'Dance a yard before you dance abroad': reggae as a music production culture in Jamaica and in Britain 1968 - 1981

Lead Research Organisation: Birmingham City University
Department Name: ADM Birmingham School of Media

Abstract

This project explores reggae's emergence as a music and a culture in Jamaica and Britain from 1968 to 1981: the period between the release of the first recognised reggae record - "Do the Reggay" by Toots & The Maytals - and the death of the music's international ambassador, Bob Marley. Such a project raises significant issues about:

- the internationalisation of popular music forms beyond the influence of US music on Europe;
- the profound role of recorded music in national popular culture and the way that relates to cultural changes that result from migration;
- and the insights that can be gained into the production of culture from a study of the cultures of music production.

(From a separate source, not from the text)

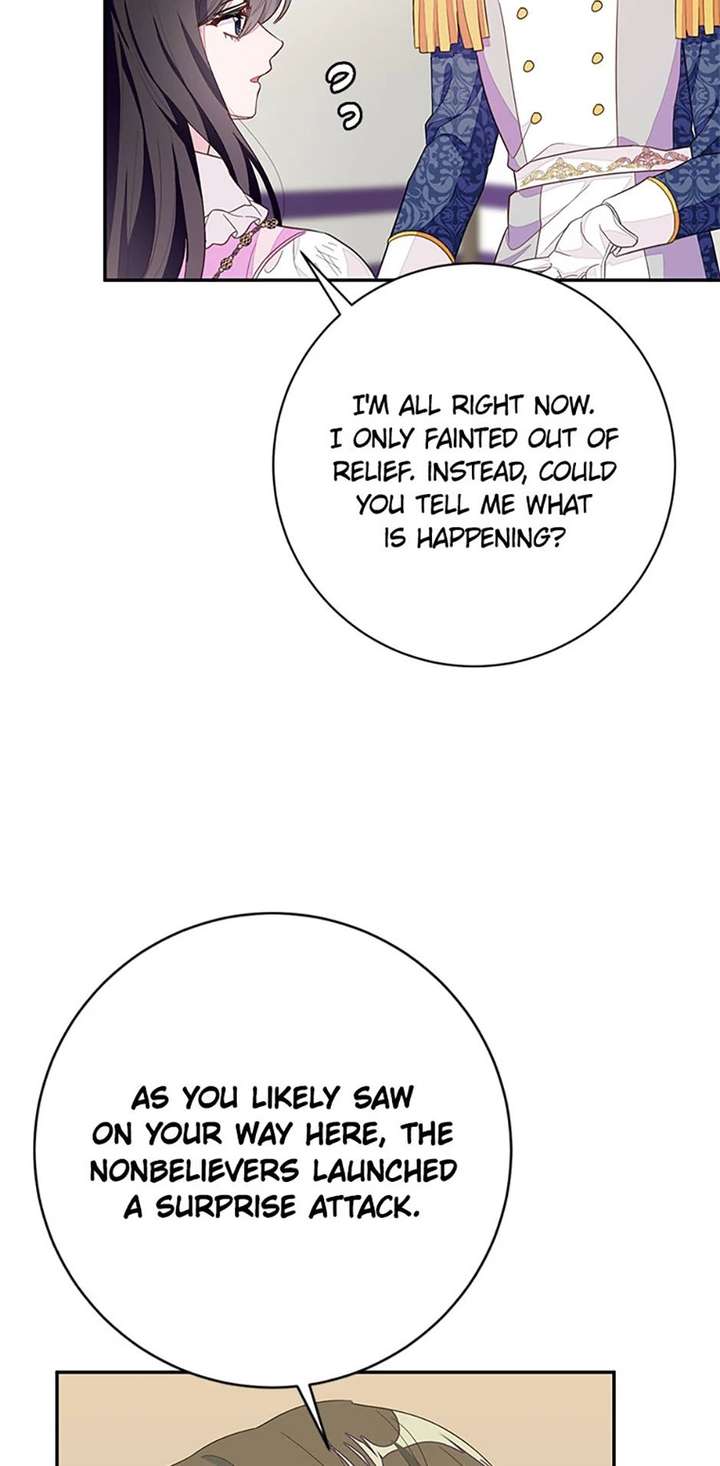 The Bad Ending of an Otome Chapter 89 - Page 76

While cultural studies of popular music have been attentive to reggae as a consumption culture (Hebdige 1979, 1988; Jones 1988), and there have been a slew of journalistic histories and star biographies (Barrow and Dalton 1997; Bradley 2001), we lack historically and culturally-located studies of this influential music. Accordingly, I avoid simple chronology, detailed study of fandom, and developments beyond 1981. Instead, I account for the way the different musical cultures of Jamaica and Britain produced diverse meanings for the music and how the one incorporated (and sometimes was appropriated by) the other. This is a timely response to questions raised by the Windrush Scandal and Black Lives Matter movement, and the success of Steve McQueen's Small Axe television series.